Cependant, les hypothèses que nous venons de proposer sont le reflet d’à priori, se basant sur des représentations que nous pouvons avoir autour des questions transgenres. Avancer avec de telles hypothèses ne présente-t-il pas le risque de nous enfermer dans des à priori théoriques vis-à-vis des positions d’hommes transgenres accédant au statut parental ?

Comme nous l’avons précisé, la littérature présente un faible appui pour nous permettre de légitimer de telles hypothèses à défaut de faire des rapprochements rapides. Les questions transgenres sont à manier de façon rigoureuse et respectueuse pour limiter les effets de collage imaginaire de nos propres représentations sur nos interprétations. Orienter notre regard de clinicien-chercheur présente le risque de nous empêcher de pouvoir laisser émerger d’autres hypothèses que cette clinique nous offre dans le cadre de ce travail.

C’est pourquoi, le choix a été fait pour cette étude, de privilégier une méthodologie de recherche qui n’impose pas de poser d’hypothèses préalables fermés. Nous ne nous inscrivons pas dans une démarche hypothético-déductive mais dans une démarche privilégiant une approche qualitative s’inspirant de l’approche phénoménologique. Cela nous semble primordial autant pour notre démarche de recherche que pour le respect du travail auprès de cette population. Comme nous le développons plus avant, nous choisissons de partir avec notre

question de recherche pour l’analyse du matériel clinique recueillie sans savoir préalable de ce que nous parviendrons à extraire. Sur la base de ce matériel, nous proposerons alors les trames de questionnement que cette clinique nous aura permis d’envisager et avec elle l’ouverture potentielle de nouvelles clés de compréhension.

LA NECESSITE D’UNE METHODE

Le contexte de cette recherche nécessite d’être précisé. Si ce travail a pu s’engager, c’est grâce à une rencontre avec une équipe de recherche. Cette équipe est celle du service de psychiatrie de l’enfant et de l’adolescent du Professeur David Cohen au sein de l’hôpital de la Pitié-Salpêtrière, associé au Centre de conservation des œufs et du sperme (Cecos) du Professeur Jean-Philippe Wolf à l’hôpital Cochin. Cette recherche a été coordonnée par la Docteure Agnès Condat, pédopsychiatre et psychanalyste, et la Docteure Véronique Drouineaud, médecin biologiste de la reproduction. C’est en septembre 2014 que j’ai rejoint cette équipe.

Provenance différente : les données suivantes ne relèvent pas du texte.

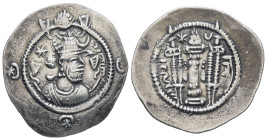 Sasanian Empire. AR, 3.96 g. 29.50 mm.
Obv: King’s bust to right.
Rev: Sasanian-style fire altar flanked by two attendants.
Very Fine.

Le travail engagé au sein des deux services impliquait la poursuite de l’étude menée par la Professeure Colette Chiland, psychiatre, psychologue et psychanalyste, et le Professeur Pierre Jouannet, médecin biologiste de la reproduction, sur le suivi d’enfant né de père d’origine transsexuel. Mon travail au sein de l’équipe était de recueillir le matériel clinique et de mener des entretiens ainsi que de renseigner les échelles psychométriques et les questionnaires systématiques auprès des parents et des enfants. Ce travail de collaboration au sein de ces deux services m’a permis de recueillir des éléments cliniques utiles à l’élaboration du travail ici développé. Il m’a été possible de construire ma méthodologie de recherche sur la base du protocole déjà mise en place.

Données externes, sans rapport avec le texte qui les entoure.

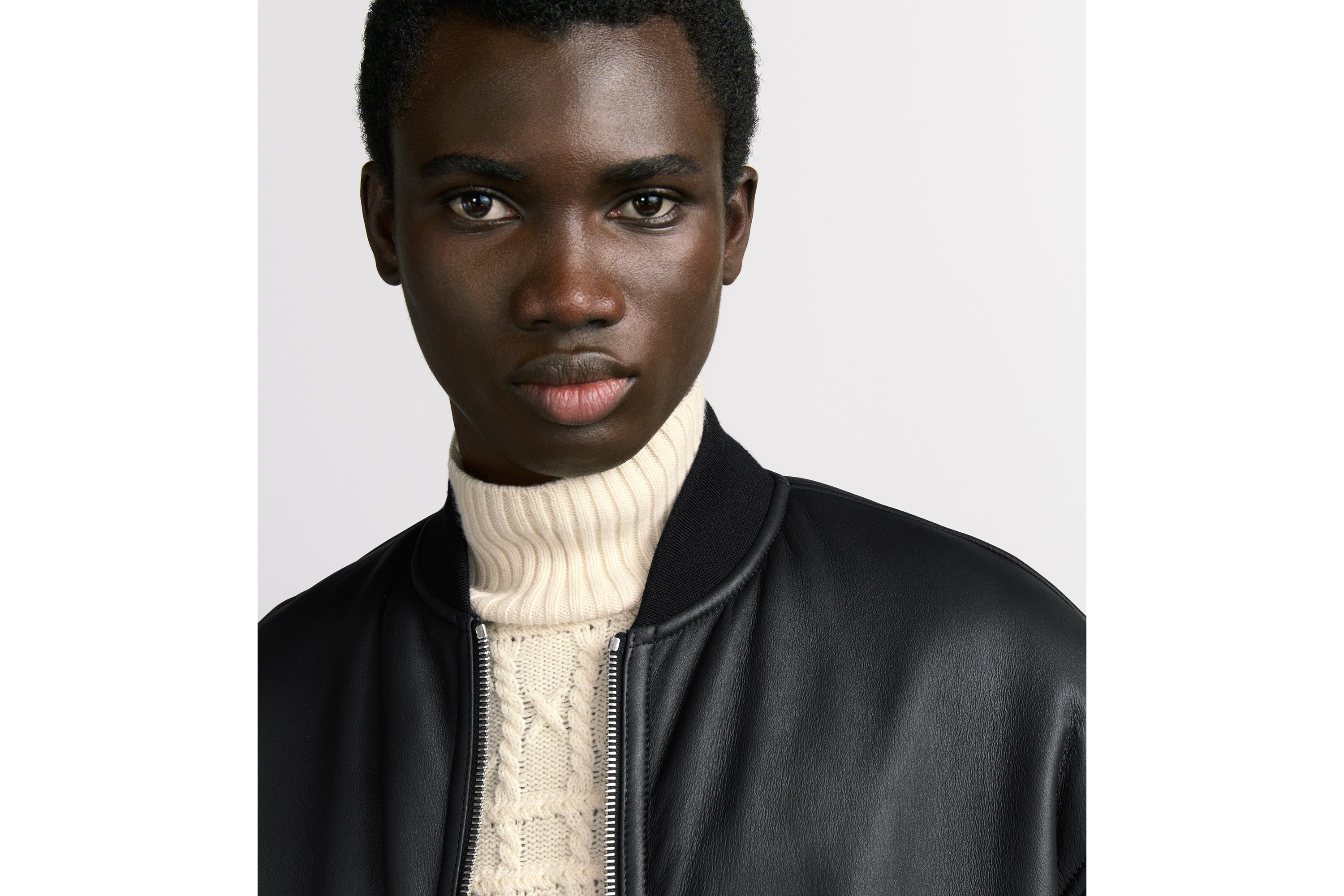 Look Dior Icons Reversible Bomber Jacket Black Lambskin and Lambskin Shearling E04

Nous introduirons brièvement ce protocole de recherche construit par l’équipe en le resituant également dans son développement et sa mise en œuvre. Dans la continuité de cette présentation, nous préciserons la population rencontrée et le cadre de nos rencontres. Enfin, il nous faudra présenter l’outil que nous avons choisi de privilégier pour notre étude ainsi que la méthode d’analyse adoptée pour ce travail.